I use Huggingface transformers and in the following you can find an actual code and example I'm running (might be also helpful for some folks who are trying to run fine-tuned model of ALBERT on SQuAD v2.0):
tokenizer = AutoTokenizer.from_pretrained("ktrapeznikov/albert-xlarge-v2-squad-v2")
model = AutoModelForQuestionAnswering.from_pretrained("ktrapeznikov/albert-xlarge-v2-squad-v2")
question = "Why aren't the examples of bouregois architecture visible today?"
text = """Exceptional examples of the bourgeois architecture of the later periods were not restored by the communist authorities after the war (like mentioned Kronenberg Palace and Insurance Company Rosja building) or they were rebuilt in socialist realism style (like Warsaw Philharmony edifice originally inspired by Palais Garnier in Paris).
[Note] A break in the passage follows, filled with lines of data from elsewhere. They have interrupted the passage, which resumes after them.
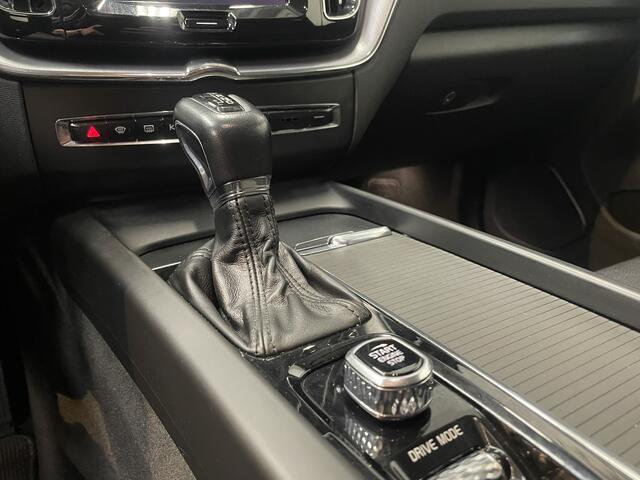 Volvo XC60 2.0 T5 250pk AUT8 AWD Momentum Trekhaak 2400kg/ Adapt. Cruise/ Leer/ Stoel en Stuur verw./ Navi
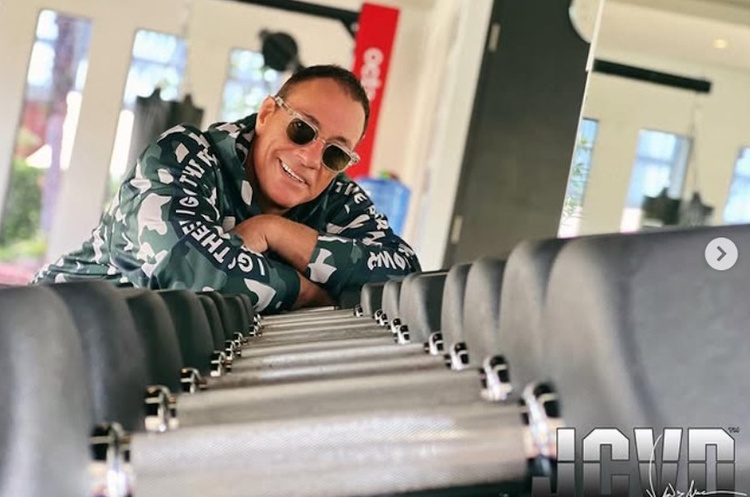 Instagram Jean-Claude Van Damme Ван Дамм передав путіну «поцілунок» і заявив про готовність приїхати в росію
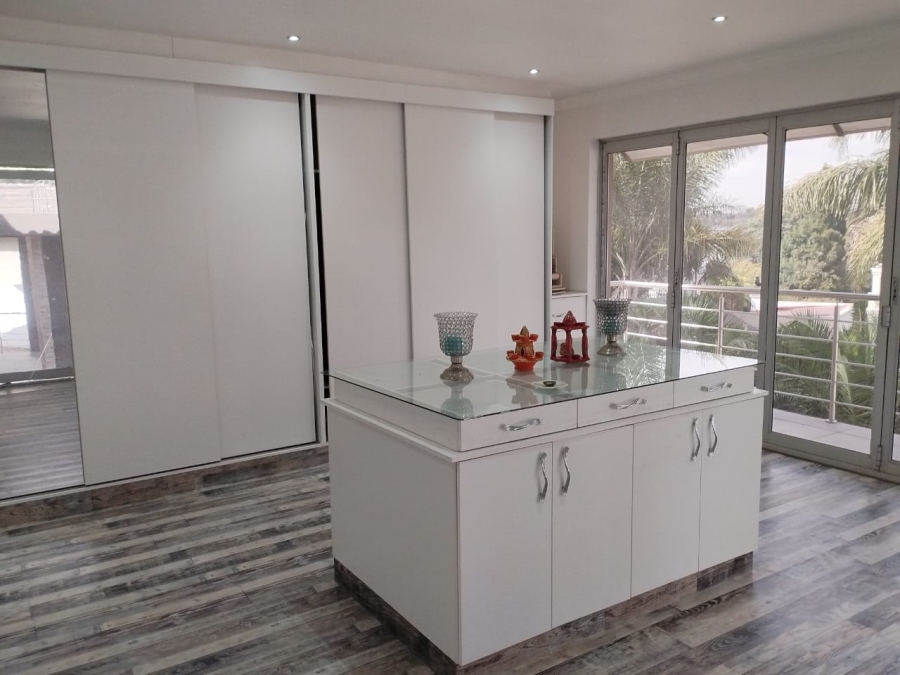 5 Bedroom Property for Sale in Westdene Gauteng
Despite that the Warsaw University of Technology building (1899\u20131902) is the most interesting of the late 19th-century architecture. Some 19th-century buildings in the Praga district (the Vistula\u2019s right bank) have been restored although many have been poorly maintained. Warsaw\u2019s municipal government authorities have decided to rebuild the Saxon Palace and the Br\u00fchl Palace, the most distinctive buildings in prewar Warsaw."""
input_dict = tokenizer.encode_plus(question, text, return_tensors="pt")
input_ids = input_dict["input_ids"].tolist()
start_scores, end_scores = model(**input_dict)
all_tokens = tokenizer.convert_ids_to_tokens(input_ids[0])
answer = ' '.join(all_tokens[torch.argmax(start_scores) : torch.argmax(end_scores)+1]).replace('▁', '')
print(answer)
And the output is like the following:
[CLS] why aren ' t the examples of bour ego is architecture visible today ? [SEP] exceptional examples of the bourgeois architecture of the later periods were not restored by the communist authorities after the war
As you can see there are BERT's special tokens in the answer including [CLS] and [SEP].
I understand that in cases where the answer is just [CLS] (having two tensor(0) for start_scores and end_scores) it basically means model thinks there's no answer to the question in context which makes sense. And in these cases I just simply set the answer to that question to a null string when running the evaluation script.
But I wonder in cases like the example above, should I again assume that model could not find an answer and set the answer to empty string? or should I just leave the answer like that when I'm evaluating the model performance?
I'm asking this question because as far as I understand, the performance calculated using the evaluation script can change (correct me if I'm wrong) if I have such cases as answers and I may not get a realistic sense of the performance of these models.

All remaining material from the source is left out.